We have split `Isn't` to `Isn` and `t`. This is not good if you were working with say email or Twitter data, because you would've a lot more of such contractions. As a minor annoyance, we have an extra empty token at the end. 

Similarly, because we neglected punctuation `red-headed` is broken into two words: `red` and `headed`

We can write custom rules in our tokenization strategy to cover all these cases. Or, use something which already has been written for us. 

### spaCy for Tokenization

In [27]:
import spacy

nlp = spacy.load('en')

In [29]:
doc = nlp(text)

The above syntax creates a spaCy object `doc`. The object pre-computes a lot of linguistic features, including tokens. 

We can retrieve them by calling the object iterator. Below, we call the iterator and `list` it. 

In [36]:
print(list(doc)[150:200])

[whole, of, her, sex, ., It, was, not, that, he, felt, 
, any, emotion, akin, to, love, for, Irene, Adler, ., All, emotions, ,, and, that, 
, one, particularly, ,, were, abhorrent, to, his, cold, ,, precise, but, 
, admirably, balanced, mind, ., He, was, ,, I, take, it, ,]


Conveniently, spaCy tokenizes all *punctuations and words* and returned those as individual tokens as well.
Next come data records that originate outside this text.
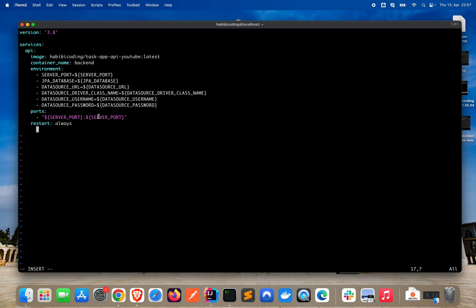The SERVER_PORT variable is used for both the container and the host, which means the application will be accessible on the same port on the host machine as it is within the container. So the Docker container will be running on port 1990, and on the host machine it will also run on 1990. The restart option is set to 'always', which means the Docker daemon will always try to restart the container if it stops, regardless of the exit status.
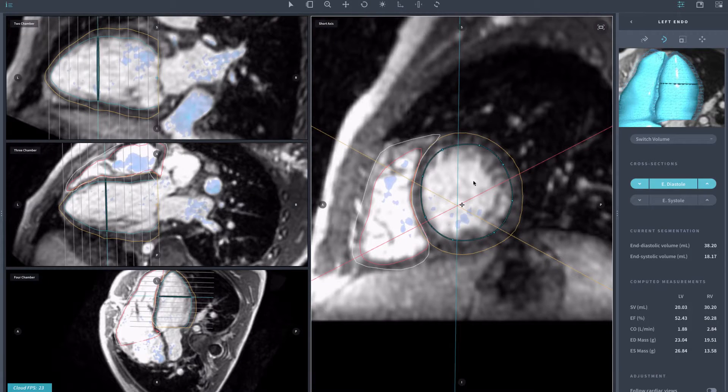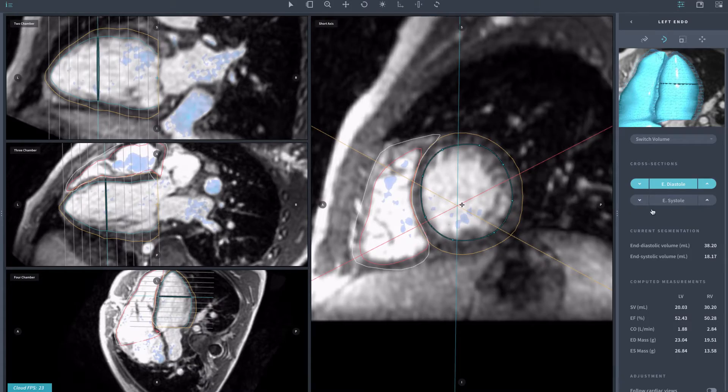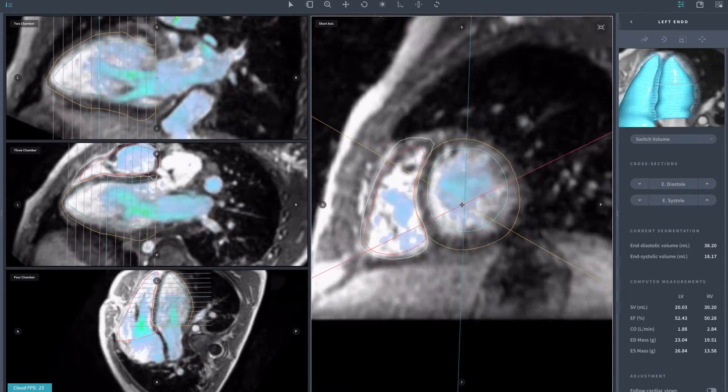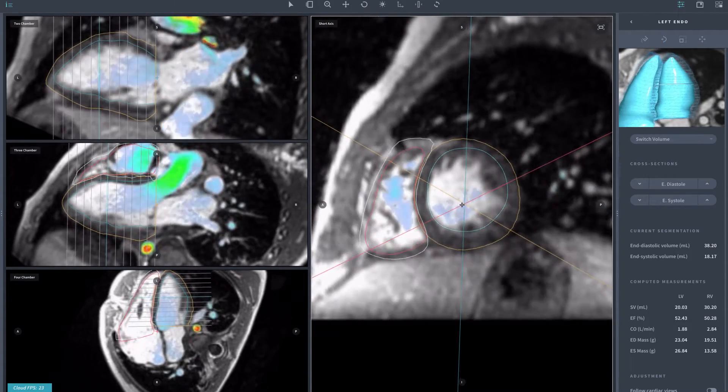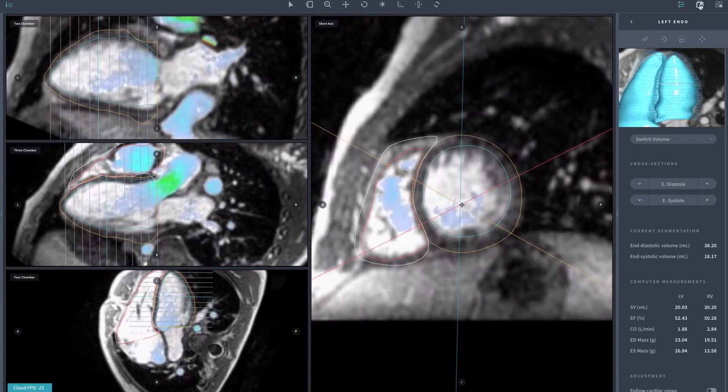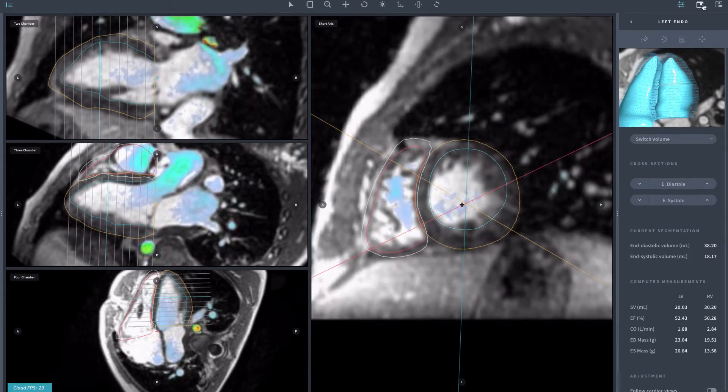4D-Flow is an imaging technique that lets us see blood flow and the function of the heart all in one exam. We're able to do quantitative measurements of the heart size, its function, both the left and the right side, and blood flow inside and outside of the heart.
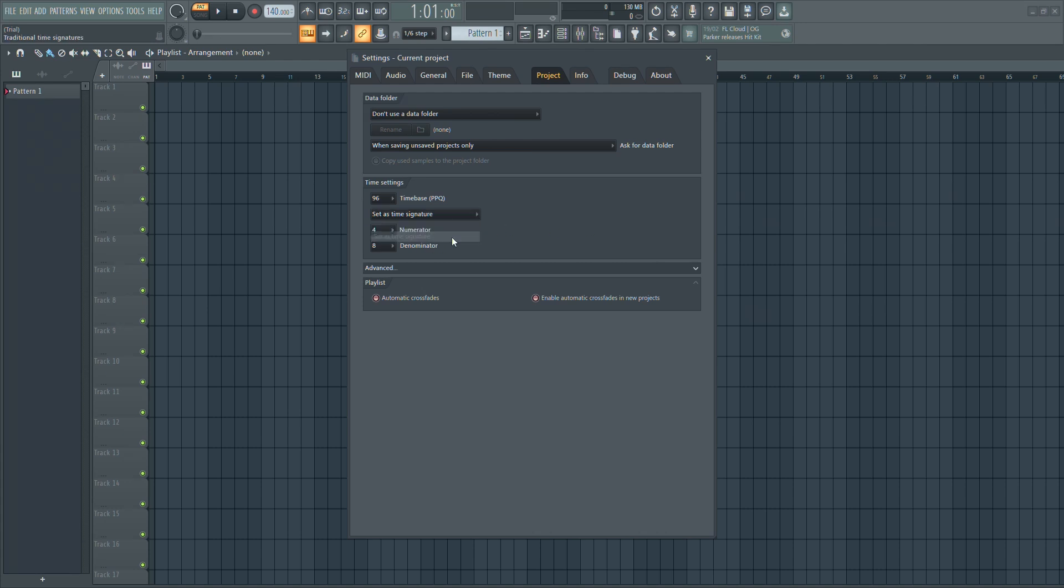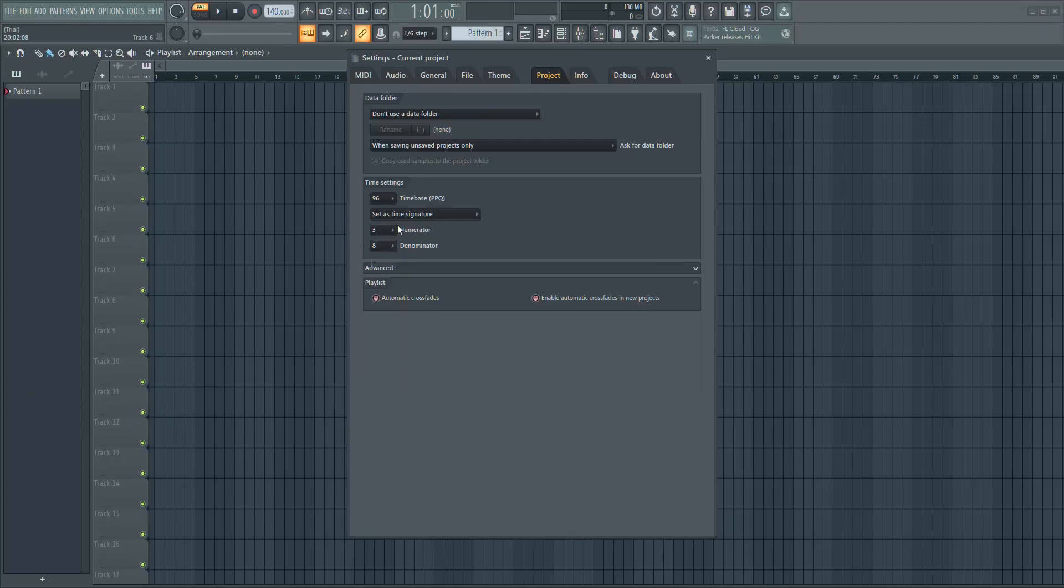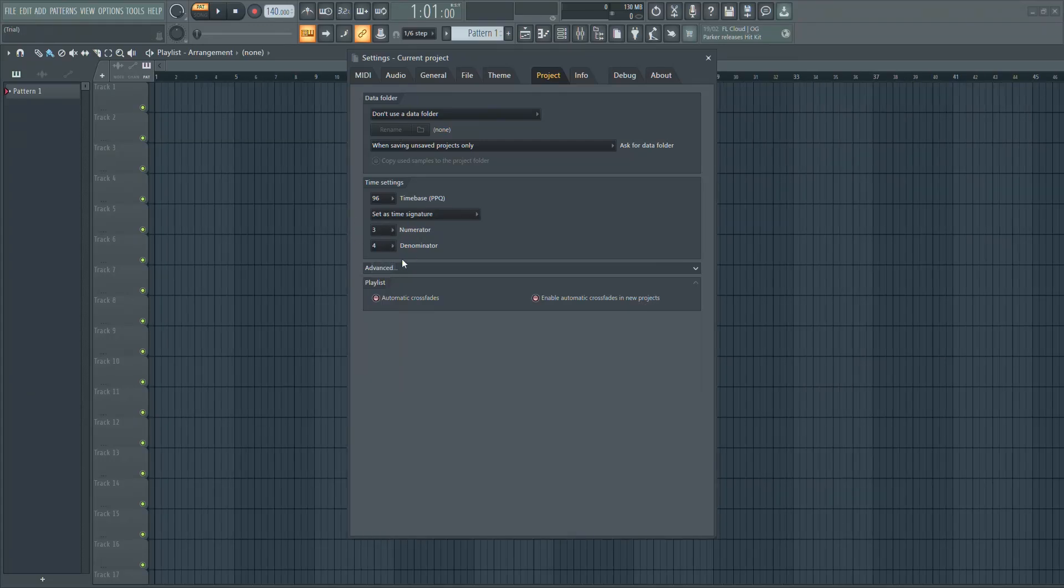To set the time signature to 3/4, simply change the top number or numerator to 3. Then change the bottom number or denominator to 4.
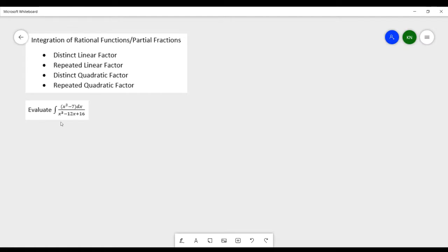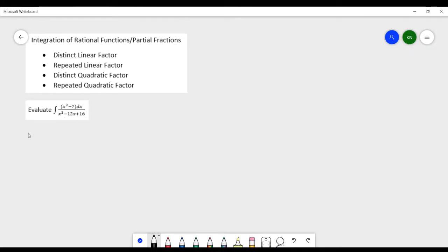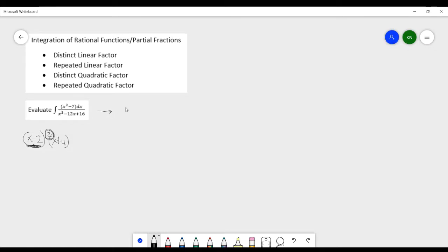Our denominator is a cubic expression, so we need to transform it into linear factors. If you factor the denominator, you get x minus 2, x minus 2 squared, and x plus 4. The factor x minus 2 squared is a linear factor raised to the power of 2, meaning it is a repeated linear factor. We can rewrite our integral with the denominator as x minus 2 squared times x plus 4.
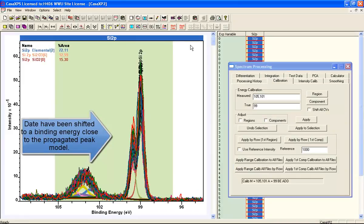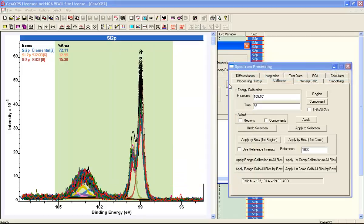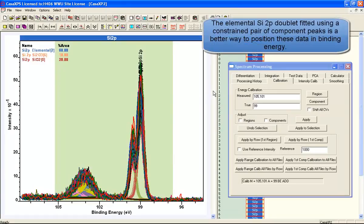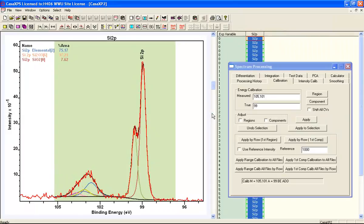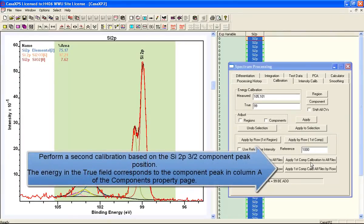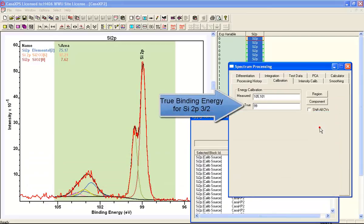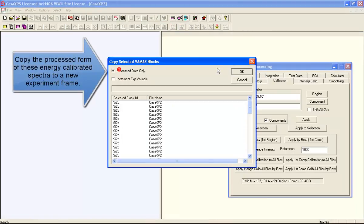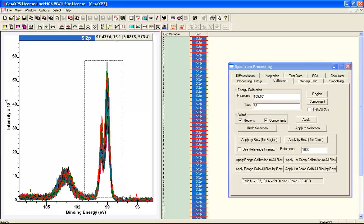We perform a rough calibration based on a range — calculating a peak maximum using an energy interval and then shifting all the spectra. We won't shift the components, because we've already positioned them with respect to the binding energy scale by virtue of the original peak model. So we're going to shift all the data so that the data align with the peak model, then propagate a peak fit to all of these data, getting the elemental peak in the correct position using the doublet, and create a new file containing the calibrated spectra all aligned for the silicon 2P elemental doublet.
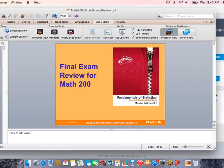Please make sure that you also view the midterm exam review so that you're fully prepared for your finals.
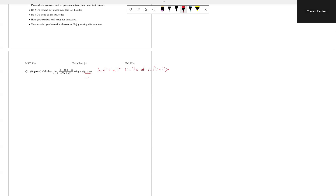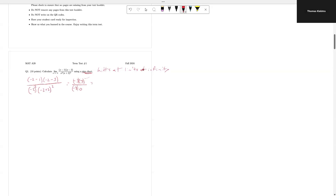So what I'm going to do is naively plug in minus 2. I get (minus 2 minus 1)(minus 2 minus 3) over (minus 2 cubed)(minus 2 plus 2 squared), which gives minus 3 times minus 5 over minus 8 times 0, equaling 15 over 0. As it's a number over 0, this implies the directional limits are plus or minus infinity.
Let's try the example which we didn't like earlier:

In [37]:
words = nlp("Isn't he coming home for dinner with the red-headed girl?")
print([token for token in words])

[Is, n't, he, coming, home, for, dinner, with, the, red, -, headed, girl, ?]


*Observations*:
- spaCy got the `Isn't` split as we wanted 
- `red-headed` was broken into 3 tokens: `red`, `-`, `headed`. Since the punctuation information isn't lost, we can restore the original `red-headed` token if we want to

**How does the spaCy tokenizer work ?**

> First, the raw text is split on whitespace characters, similar to text.split(' '). Then, the tokenizer processes the text from left to right. On each substring, it performs two checks:
> 
> - **Does the substring match a tokenizer exception rule?** For example, "don't" does not contain whitespace, but should be split into two tokens, "do" and "n't", while "U.K." should always remain one token.
> - **Can a prefix, suffix or infix be split off?** For example punctuation like commas, periods, hyphens or quotes.
>
> ![caption](https://spacy.io/assets/img/tokenization.svg)
> from [spaCy-101](https://spacy.io/usage/spacy-101) docs

We can also use spaCy to extract one sentence at a time, instead of one-word-at-a-time. 

In [45]:
sentences = list(doc.sents)
print(sentences[13:18])

[I. A SCANDAL IN BOHEMIA

I.

To Sherlock Holmes, she is always THE woman., I have seldom heard
him mention her under any other name., In his eyes she eclipses
and predominates the whole of her sex., It was not that he felt
any emotion akin to love for Irene Adler.]